Day by day Russia's economic circumstances are changing for the worse, as new uncertainties assail its political leadership. The Prime Minister, Mr Yevgeny Primakov, has announced an economic plan emphasising tax cuts, price controls for selected goods and credits for ailing industries and agriculture. Money will be printed to pay wage arrears. The plan is an interim measure, which has not gained the confidence of negotiators from the International Monetary Fund. They say a credible Budget for next year must be published before they will release funds agreed after Russia's effective default on some of its external debts last August. There is little confidence that a more comprehensive default can be avoided as the country faces into the winter months.
That Mr Primakov is effectively taking over from the ailing President Yeltsin has now been openly stated by government spokesmen. He stood in for the President at a meeting last week with the EU in Austria and has assumed a high profile in the Russian media. Many believe he will agree to stand as Mr Yeltsin's successor when and if the President stands down in 2000 - or before that if ill-health forces him to resign. Such a scenario has upset the other contenders for the office, but it does not surprise long-time observers of this canny and skilful politician, who commands support across most of the political spectrum. His skills are sorely needed at this juncture in Russia's history, but they will be severely tested by the profoundly difficult problems facing his government.
Aside from his own uncertain constitutional position, these include a host of structural weaknesses and shortcomings. They were conveniently summarised by Mr Primakov last week. He said he would restore order to the Budget; defend property rights; enforce tax payments; and clamp down on the shadow economy. The government's tax revenues come to a mere 6 per cent of the country's gross domestic product - one of the lowest rates in the world. They will cover only half the government's planned expenditure for that period. Such fiscal feebleness makes it difficult indeed to mobilise resources, whether to repay international debts, to fund food imports, to pay huge arrears in wages and salaries or to shore up industries. Mr Primakov's undertaking to print money is not surprising in these circumstances; his commitment to avoid inflation is not to be believed.

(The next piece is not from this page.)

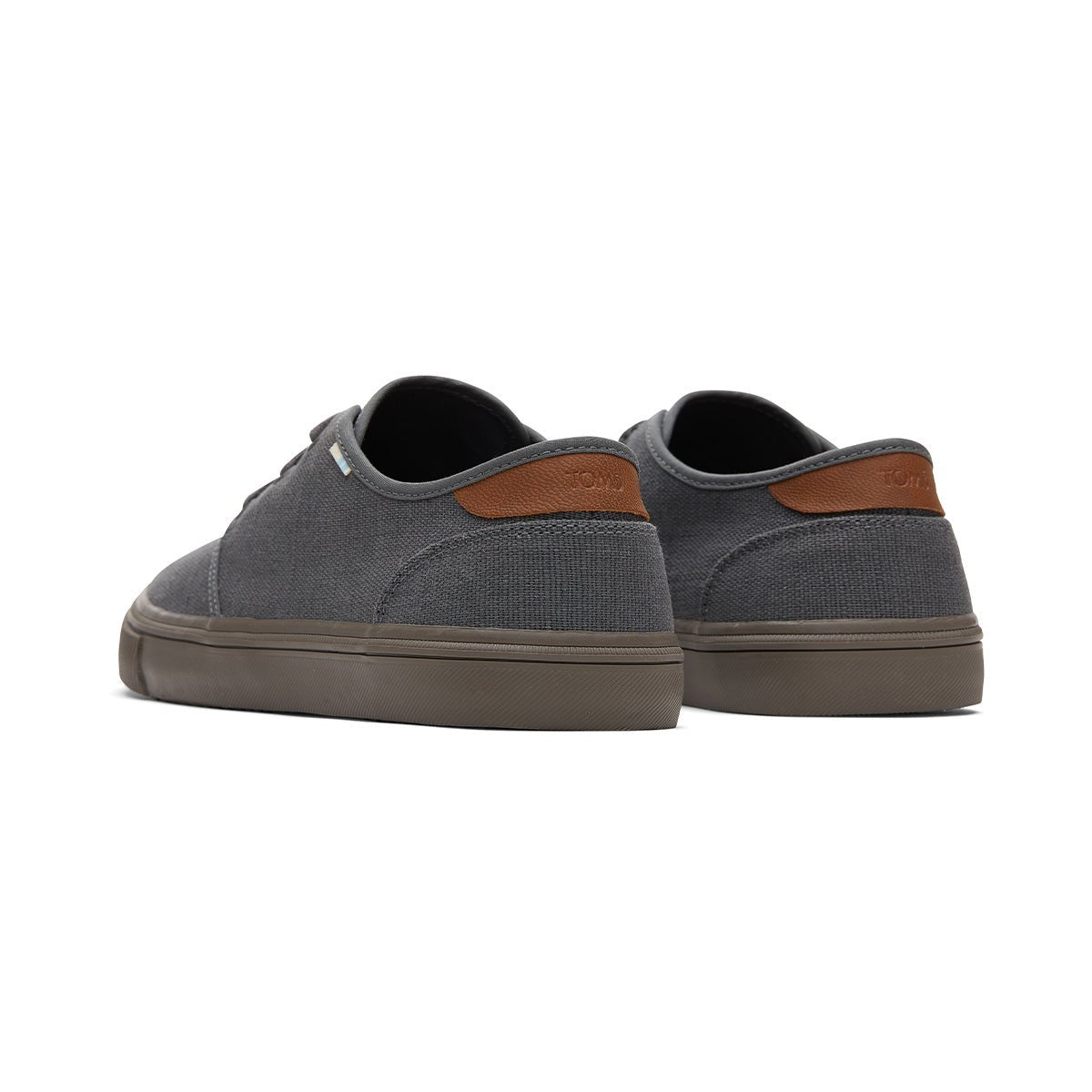 TOMS Sneakers Carlo Lace - up Mens - Graphite Heritage Canvas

Mr Primakov is hardly in a position to organise substantial reforms in the system of government so as to make the Budget credible, as the IMF demands. Tax collection has become prey to competition between the industrial magnates and mafia who profited so enormously from the privatisation of State assets and is a very dangerous occupation indeed. These magnates are intimately bound up with the Yeltsin regime. They have so far displayed little or no sign of becoming a quasi-normal investing capitalist class, as expected by the ideologues of transition. Rather have they sent their money outside the country. Mr Primakov could surprise so far as his commitment to reform is concerned; but he has precious little scope to escape from pure crisis management and depends on a coalition between liberal reformers and communists. Things are likely to get worse before they get better in Russia. The effects will not be confined within its own borders.